45 States Hammer Meta Over Child Safety Lapses

Evelyn Hockstein/Reuters
Evelyn Hockstein/Reuters

Bipartisan rage against TikTok has been a boon for the social media giant’s competitors, who have largely escaped public scrutiny over the past year. For Meta, the parent company of Instagram, WhatsApp, and Facebook, that respite may be ending. The firm faces lawsuits from attorneys general in 45 states, plus Washington, D.C., who have accused it of causing harm to young users.

The flurry of lawsuits, which The New York Times summarized in a long piece on Saturday, mirrors litigation against tobacco companies several decades ago. The suits claim that Meta CEO Mark Zuckerberg has failed to remedy safety lapses and has rejected his own staff members’ requests for more manpower to address issues.

“A lot of these decisions ultimately landed on Mr. Zuckerberg’s desk,” Raúl Torrez, attorney general of New Mexico, told the Times. “He needs to be asked explicitly, and held to account explicitly, for the decisions that he’s made.”

As one example of Zuckerberg’s decision-making, executive David Ginsberg emailed him in April 2019 citing concern about “areas of problematic use/addiction and teens,” according to court records.
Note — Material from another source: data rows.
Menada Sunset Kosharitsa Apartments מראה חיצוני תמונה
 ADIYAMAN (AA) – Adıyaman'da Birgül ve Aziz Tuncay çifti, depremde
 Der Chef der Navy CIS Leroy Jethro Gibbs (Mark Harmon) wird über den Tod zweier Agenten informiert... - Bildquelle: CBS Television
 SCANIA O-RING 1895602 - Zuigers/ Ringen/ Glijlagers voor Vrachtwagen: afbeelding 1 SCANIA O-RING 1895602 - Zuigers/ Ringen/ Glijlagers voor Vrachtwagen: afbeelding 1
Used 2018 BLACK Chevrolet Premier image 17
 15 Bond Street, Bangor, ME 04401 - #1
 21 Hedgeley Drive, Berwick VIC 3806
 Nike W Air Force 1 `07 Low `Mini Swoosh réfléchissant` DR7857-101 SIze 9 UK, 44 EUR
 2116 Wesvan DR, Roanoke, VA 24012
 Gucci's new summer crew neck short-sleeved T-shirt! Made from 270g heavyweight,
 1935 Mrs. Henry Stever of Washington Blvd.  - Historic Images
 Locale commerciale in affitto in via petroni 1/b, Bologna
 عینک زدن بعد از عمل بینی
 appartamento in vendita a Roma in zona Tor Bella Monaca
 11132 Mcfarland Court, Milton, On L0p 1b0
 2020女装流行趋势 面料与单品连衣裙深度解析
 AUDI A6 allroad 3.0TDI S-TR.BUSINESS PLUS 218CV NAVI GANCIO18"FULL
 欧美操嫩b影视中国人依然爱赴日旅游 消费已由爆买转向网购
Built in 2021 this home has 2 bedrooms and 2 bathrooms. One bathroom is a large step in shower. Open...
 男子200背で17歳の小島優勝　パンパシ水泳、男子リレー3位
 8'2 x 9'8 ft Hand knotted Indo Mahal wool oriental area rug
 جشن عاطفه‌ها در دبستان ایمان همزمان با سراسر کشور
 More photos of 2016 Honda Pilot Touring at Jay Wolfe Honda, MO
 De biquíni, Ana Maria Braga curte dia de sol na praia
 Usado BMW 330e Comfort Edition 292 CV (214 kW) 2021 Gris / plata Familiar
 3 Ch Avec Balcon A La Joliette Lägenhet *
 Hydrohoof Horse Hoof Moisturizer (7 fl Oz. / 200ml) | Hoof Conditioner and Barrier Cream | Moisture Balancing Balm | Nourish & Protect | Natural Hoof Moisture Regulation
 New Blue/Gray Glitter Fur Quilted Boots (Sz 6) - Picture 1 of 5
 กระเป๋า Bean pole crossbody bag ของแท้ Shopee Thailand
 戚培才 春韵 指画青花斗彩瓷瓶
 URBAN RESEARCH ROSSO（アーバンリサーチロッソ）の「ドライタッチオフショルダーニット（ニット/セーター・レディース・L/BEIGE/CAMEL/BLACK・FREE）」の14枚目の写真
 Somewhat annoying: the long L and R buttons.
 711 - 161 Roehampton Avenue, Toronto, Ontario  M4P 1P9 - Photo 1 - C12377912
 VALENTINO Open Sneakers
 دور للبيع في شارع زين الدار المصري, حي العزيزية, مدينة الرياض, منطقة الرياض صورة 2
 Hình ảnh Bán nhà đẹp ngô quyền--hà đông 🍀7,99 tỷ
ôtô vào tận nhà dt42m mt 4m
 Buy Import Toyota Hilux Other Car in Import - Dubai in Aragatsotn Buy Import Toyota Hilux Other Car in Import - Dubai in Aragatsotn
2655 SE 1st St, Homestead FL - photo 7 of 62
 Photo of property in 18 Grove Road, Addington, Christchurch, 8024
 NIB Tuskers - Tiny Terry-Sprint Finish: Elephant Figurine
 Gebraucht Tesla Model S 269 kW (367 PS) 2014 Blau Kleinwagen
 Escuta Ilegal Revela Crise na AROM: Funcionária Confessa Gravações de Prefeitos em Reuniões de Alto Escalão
He wanted to conduct research to “reduce loneliness and compulsive use,” but was told there weren’t resources available for his project.

Mary Rodee, the mother of a teenager who died by suicide in 2021 after being victimized by a sexual predator on Facebook, blasted Meta to the Times. “They preach that they have safety protections, but not the right ones,” she said. Rodee filed a lawsuit against Meta earlier this year. She added that Meta “never responded to the reports she submitted through automated channels on the site about her son’s death,” the Times wrote. “It’s pretty unfathomable,” she said.

The U.S. surgeon general, Vivek Murthy, is also calling for regulations that would place warning labels on social media sites, akin to labels on cigarette packs.

“The mental health crisis among young people is an emergency—and social media has emerged as an important contributor,” he wrote in an op-ed last week. “Adolescents who spend more than three hours a day on social media face double the risk of anxiety and depression symptoms, and the average daily use in this age group, as of the summer of 2023, was 4.8 hours.”

Some members of Congress are pushing to enact the Kids Online Safety Act, which would restrict social media firms’ ability to use addictive techniques like push notifications on underage users.

Meta has pushed back on its characterization in the lawsuits and the press. “We want to reassure every parent that we have their interests at heart in the work we’re doing to help provide teens with safe experiences online,” said spokeswoman Liza Crenshaw. She argued that the legal filings “mischaracterize our work using selective quotes and cherry-picked documents.”

Still, some evidence in the complaints is at a minimum highly unflattering. One Meta staffer admitted in a 2016 email that the “overall company goal is total teen time spent,” according to filings in Tennessee.

Court records also revealed communications executive Nick Clegg’s critical comments about Mark Zuckerberg to some members of his team.

“If I was him, I wouldn’t want to be asked ‘while your company was being accused of aiding and abetting teenage suicide, why was your only public pronouncement a post about surfing?’” Clegg wrote.